Neural Auto-Curricula
This work addresses the challenge of automating algorithm design in multi-agent reinforcement learning, offering a novel approach that could reduce human effort and improve performance in game-solving tasks, though it is incremental in automating existing principles.
The paper tackles the problem of manually designing update rules in multi-agent reinforcement learning for two-player zero-sum games by introducing Neural Auto-Curricula (NAC), a framework that uses meta-gradient descent to automate the discovery of learning rules, achieving competitive or better performance than state-of-the-art methods like PSRO across various games, including generalizing from small to large games such as from Kuhn Poker to Leduc Poker.

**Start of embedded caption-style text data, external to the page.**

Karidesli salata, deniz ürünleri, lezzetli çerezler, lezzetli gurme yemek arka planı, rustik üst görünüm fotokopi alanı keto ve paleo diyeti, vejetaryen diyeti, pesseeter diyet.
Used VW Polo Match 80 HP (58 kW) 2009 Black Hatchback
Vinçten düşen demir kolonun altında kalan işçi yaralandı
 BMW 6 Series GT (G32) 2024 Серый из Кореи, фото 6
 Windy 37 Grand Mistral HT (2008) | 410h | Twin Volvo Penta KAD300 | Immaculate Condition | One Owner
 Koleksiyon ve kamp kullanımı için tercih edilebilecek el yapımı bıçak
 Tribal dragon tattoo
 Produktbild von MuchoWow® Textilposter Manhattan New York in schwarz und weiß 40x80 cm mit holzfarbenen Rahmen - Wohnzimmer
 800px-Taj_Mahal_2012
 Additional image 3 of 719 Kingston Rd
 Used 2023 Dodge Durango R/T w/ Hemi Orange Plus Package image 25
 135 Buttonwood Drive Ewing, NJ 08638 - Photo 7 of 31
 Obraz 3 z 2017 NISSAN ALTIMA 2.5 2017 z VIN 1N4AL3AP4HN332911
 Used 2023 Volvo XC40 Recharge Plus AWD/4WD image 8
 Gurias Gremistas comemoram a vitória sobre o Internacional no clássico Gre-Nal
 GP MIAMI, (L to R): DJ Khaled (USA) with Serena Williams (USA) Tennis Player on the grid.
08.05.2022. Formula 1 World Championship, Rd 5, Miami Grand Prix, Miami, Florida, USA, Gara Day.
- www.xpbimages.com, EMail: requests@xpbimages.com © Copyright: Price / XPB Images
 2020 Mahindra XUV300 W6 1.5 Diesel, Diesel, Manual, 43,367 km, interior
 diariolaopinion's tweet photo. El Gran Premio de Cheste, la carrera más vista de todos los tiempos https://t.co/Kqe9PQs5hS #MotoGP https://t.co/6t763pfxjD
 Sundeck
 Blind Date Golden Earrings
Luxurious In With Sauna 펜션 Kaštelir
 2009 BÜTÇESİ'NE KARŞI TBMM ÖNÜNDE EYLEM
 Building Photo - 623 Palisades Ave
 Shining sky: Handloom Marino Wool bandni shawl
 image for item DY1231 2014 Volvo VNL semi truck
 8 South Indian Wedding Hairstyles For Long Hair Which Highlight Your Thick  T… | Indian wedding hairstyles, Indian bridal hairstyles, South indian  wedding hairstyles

When solving two-player zero-sum games, multi-agent reinforcement learning (MARL) algorithms often create populations of agents where, at each iteration, a new agent is discovered as the best response to a mixture over the opponent population. Within such a process, the update rules of "who to compete with" (i.e., the opponent mixture) and "how to beat them" (i.e., finding best responses) are underpinned by manually developed game theoretical principles such as fictitious play and Double Oracle. In this paper, we introduce a novel framework -- Neural Auto-Curricula (NAC) -- that leverages meta-gradient descent to automate the discovery of the learning update rule without explicit human design. Specifically, we parameterise the opponent selection module by neural networks and the best-response module by optimisation subroutines, and update their parameters solely via interaction with the game engine, where both players aim to minimise their exploitability. Surprisingly, even without human design, the discovered MARL algorithms achieve competitive or even better performance with the state-of-the-art population-based game solvers (e.g., PSRO) on Games of Skill, differentiable Lotto, non-transitive Mixture Games, Iterated Matching Pennies, and Kuhn Poker. Additionally, we show that NAC is able to generalise from small games to large games, for example training on Kuhn Poker and outperforming PSRO on Leduc Poker. Our work inspires a promising future direction to discover general MARL algorithms solely from data.